Annual house price growth has recovered to 1.5 per cent in July, according to the latest Nationwide House Price Index.
The figures, published today (July 31), also found that prices rose month-on-month by 1.7 per cent, in contrast to the fall of 1.6 per cent in June.
Robert Gardner, chief economist at Nationwide, said: “The bounce back in prices reflects the unexpectedly rapid recovery in housing market activity since the easing of lockdown restrictions.
“The rebound in activity reflects a number of factors. Pent up demand is coming through, where decisions taken to move before lockdown are progressing.”
Mr Gardner added that the increased stamp duty threshold would “bring some activity forward” but also warned of a “false dawn”.

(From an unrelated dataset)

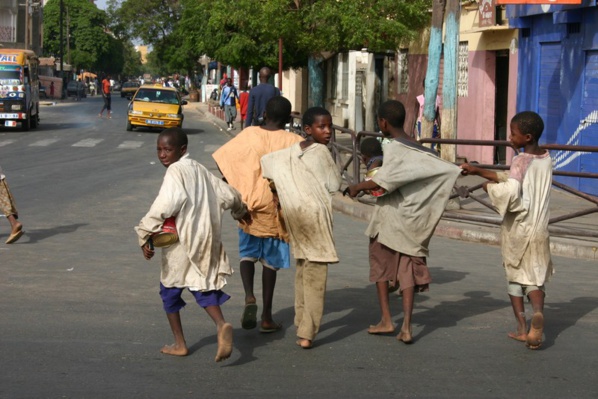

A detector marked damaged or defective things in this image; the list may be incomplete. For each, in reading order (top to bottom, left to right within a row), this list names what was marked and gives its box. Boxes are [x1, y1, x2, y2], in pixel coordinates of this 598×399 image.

He said: “Most forecasters expect labour market conditions to weaken significantly in the quarters ahead as a result of the aftereffects of the pandemic and as government support schemes wind down. If this comes to pass, it would likely dampen housing activity once again in the quarters ahead”.
Monthly Index (seasonally adjusted)
Monthly Change (seasonally adjusted)
Islay Robinson, group CEO of Enness Global Mortgages, said: “Buyer demand has been turbocharged via a stamp duty holiday, mortgage rates remain very favourable, and buyers and sellers are returning to the market in their droves.
“We’re also seeing a strong return to form at the top-end of the market and from foreign buyers. All things considered, the outlook is a positive one, and we’ve seen the dark clouds of market decline make away for the perfect storm of property price growth over the coming months.”
Jeremy Leaf, principal at estate agency Jeremy Leaf & Co, said the data was "not surprising" as pent-up demand continued to be released and new listings picked up since the housing market re-opened.
“Activity has been given added impetus by the stamp duty holiday and continued low interest rates.”
However Shaun Church, director at Private Finance, said: “Although economic activity is slowly recovering, lenders remain cautious. Cuts to rates on lower loan-to-value products suggest lenders are keen to reduce their risk appetite to offset high uncertainty in the housing market.
“This is likely to create a barrier to entry for first-time buyers, adding to the heavy financial burden the pandemic has placed on many people in this age group.”